For the first time in decades, Colombia’s government refused to condemn the United States’ controversial embargo on Cuba.
For more than 25 years, Colombia’s ambassador to the United Nations has always voted in favor in the annual resolution that condemns the embargo that is widely seen as detrimental to the people, rather than the communist government of Cuba.
While 187 of 193 ambassadors voted to reject the embargo at the UN on Thursday, Colombia’s ambassador abstained for the first time since the resolution was first introduced in 1992.
Only the ambassadors of the US, Israel and Brazil voted in favor of the embargo.
The diplomacy shift further isolates the government of Ivan Duque from the rest of Latin America, its European allies and Congress, which rejects the controversial embargo.
Local newspaper El Espectador called the decision “another calculation error” of Foreign Minister Carlos Holmes Trujillo who during his 15 months in office has clashed with traditional allies on multiple occasions.
Last week, the minister barely avoided Colombia becoming a pariah state over his resistance to the UN’s Human Rights Office.
Previously, the Foreign Ministry believed it could limit the freedom of movement of diplomats who want to visit FARC camps.
Maintaining its tradition would have changed nothing to the ties with the United States, a long-time ally.

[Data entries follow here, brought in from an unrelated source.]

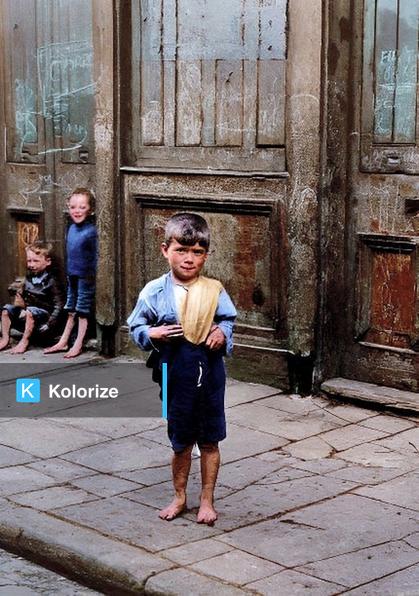 [colorized] A photograph of an East End child, London, in 1926.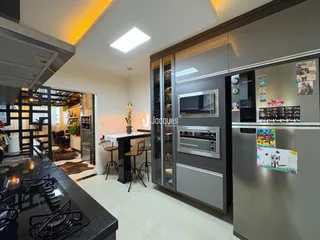 Vista da cozinha moderna com armários escuros e eletrodomésticos em aço inoxidável.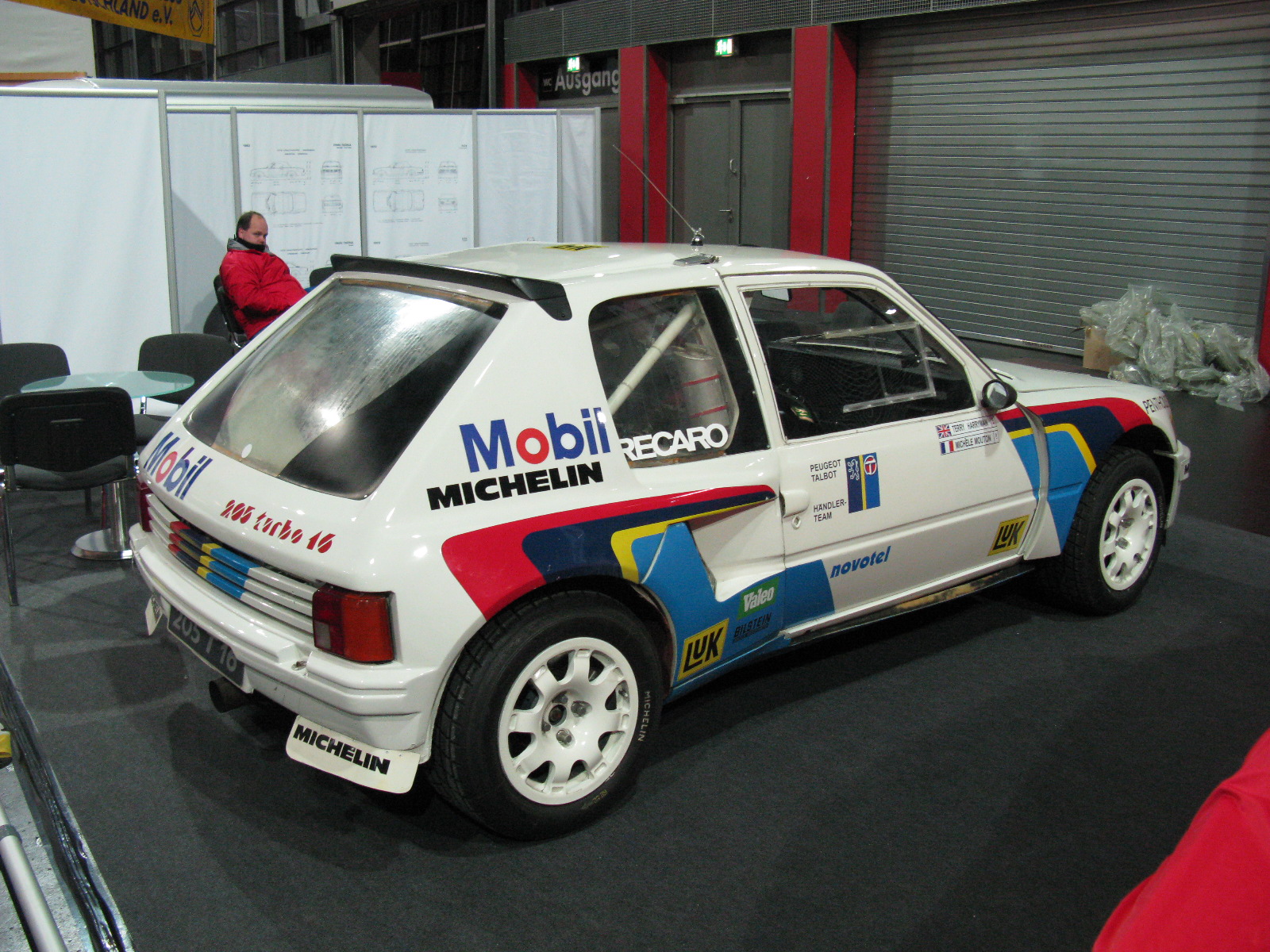 a small car sits in a showroom with workers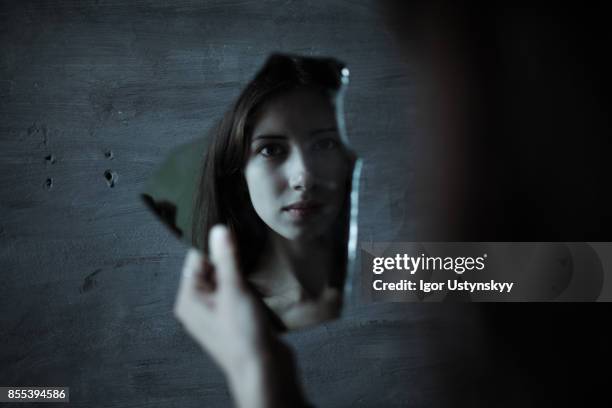 portrait of depressed woman with mirror indoors on the dark background - alleen één jonge vrouw stockfoto's en -beelden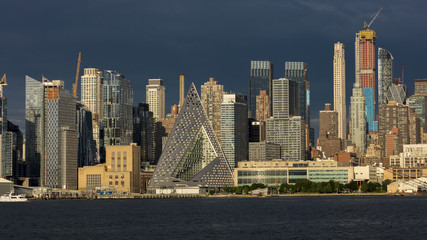 Fototapeta na wymiar JUNE 6, 2018 - NEW YORK, NEW YORK, USA - New York City and Hudson River features VIA 57 Building (Sale triangular shaped) and Manhattan Skyline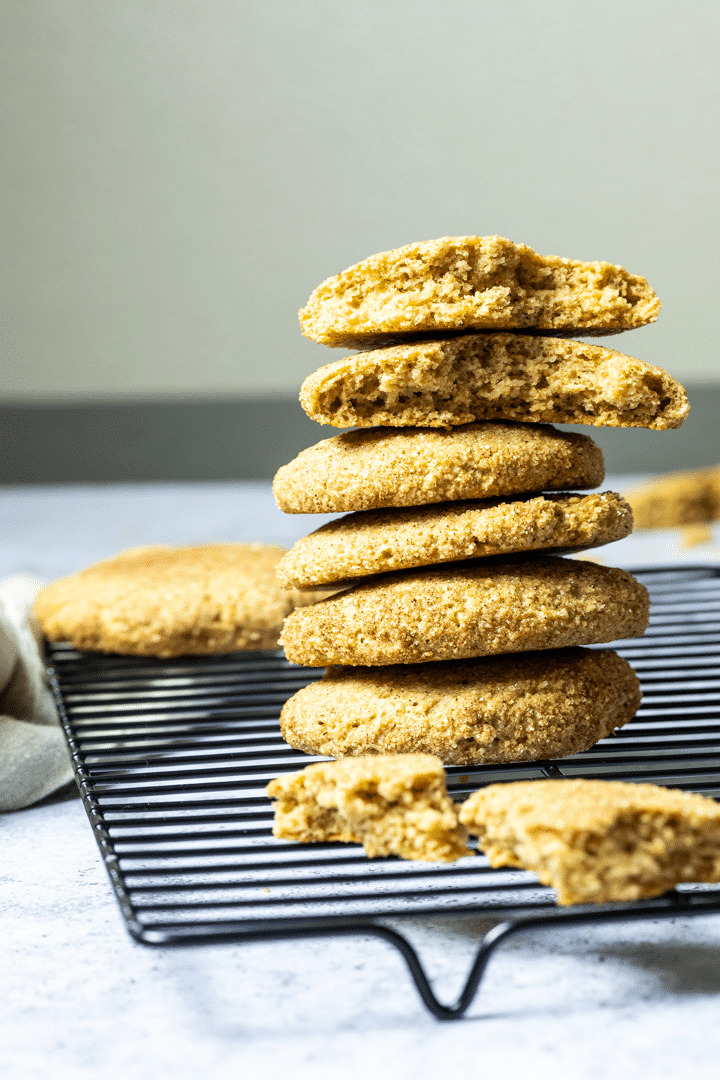 Stack of vegan wfpb snickerdoodles with some snickerdoodle pieces in front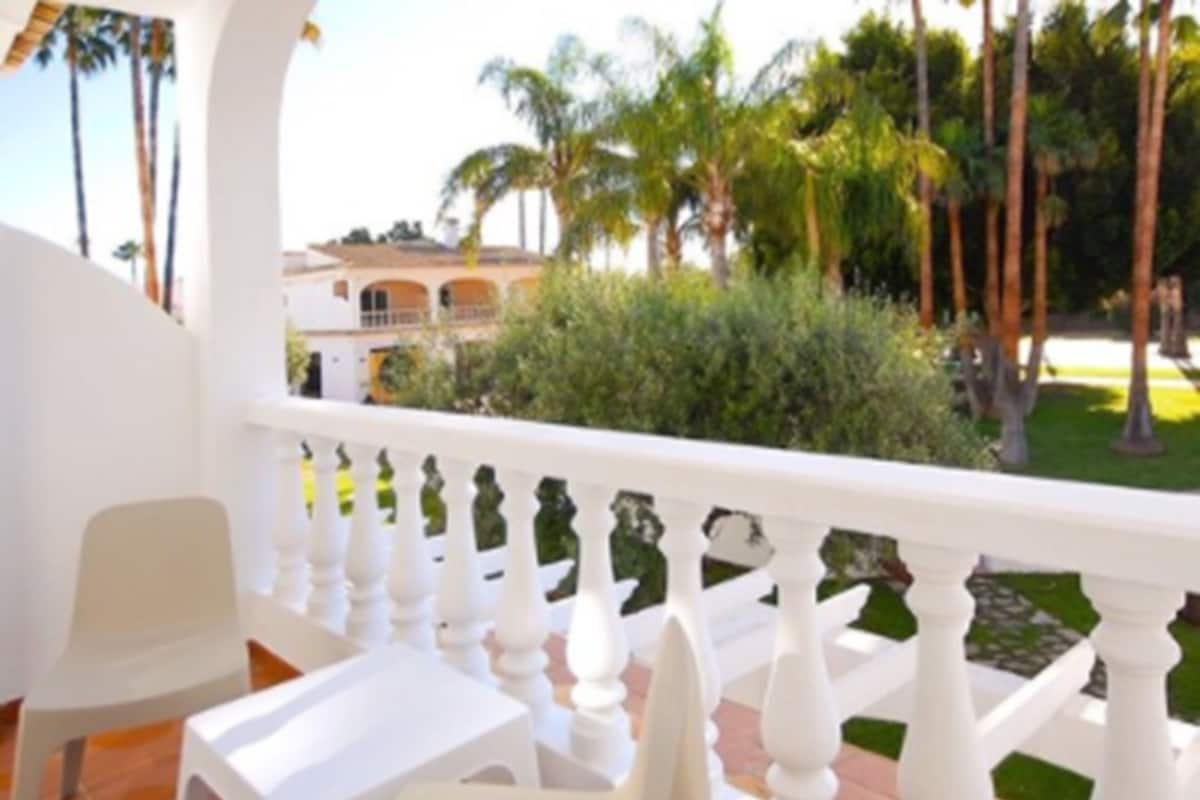 A balcony with white chairs and a table, overlooking a garden with palm trees and a building in the background.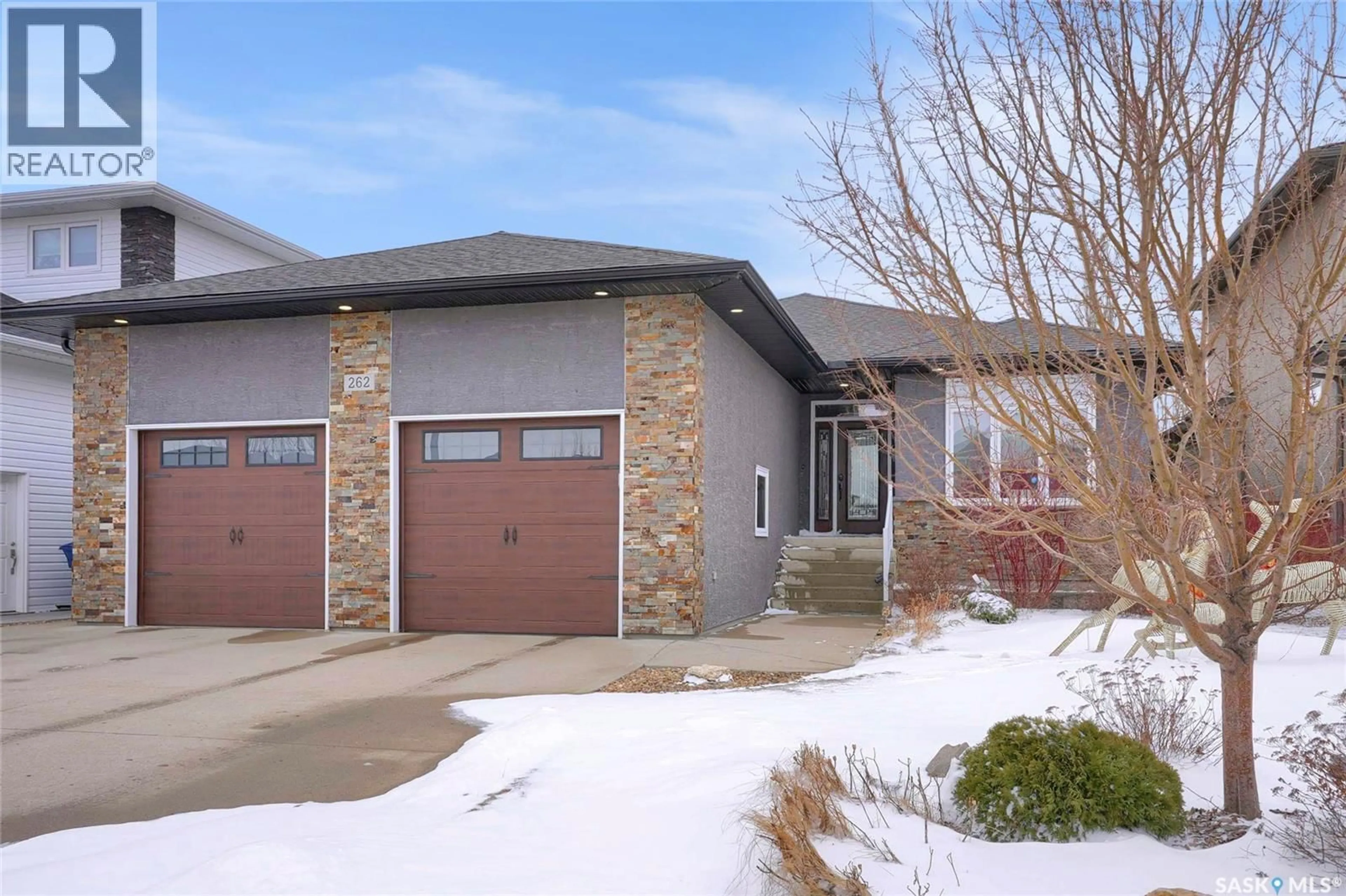 Home with brick exterior material, street for 262 BLUE SAGE DRIVE, Moose Jaw Saskatchewan S6J1N5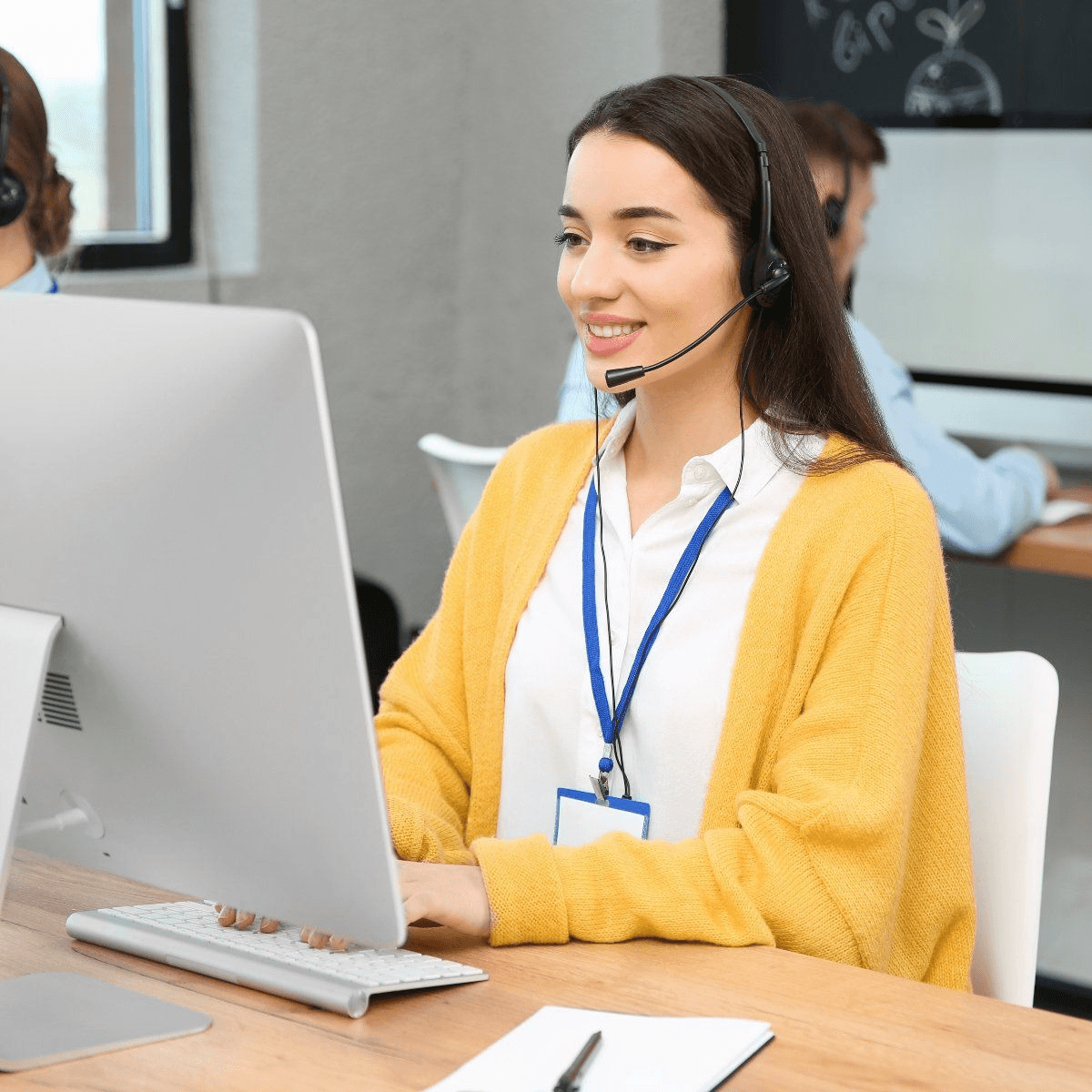 Dial & Acquire agent on a live call, headset on, mid-conversation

The abstention at the UN also changed nothing to the overwhelming global rejection of the cold-war-era US embargo, it only isolated the administration of President Ivan Duque even further.
Trujillo wants Cuba to extradite the peace negotiators, claiming they were responsible for a terrorist attack in Bogota that killed 22 police cadets.
The island state, however, can’t extradite the peace negotiators, because it would be in violation of international agreements that were made ahead of the talks that began under Duque’s predecessor, Juan Manuel Santos.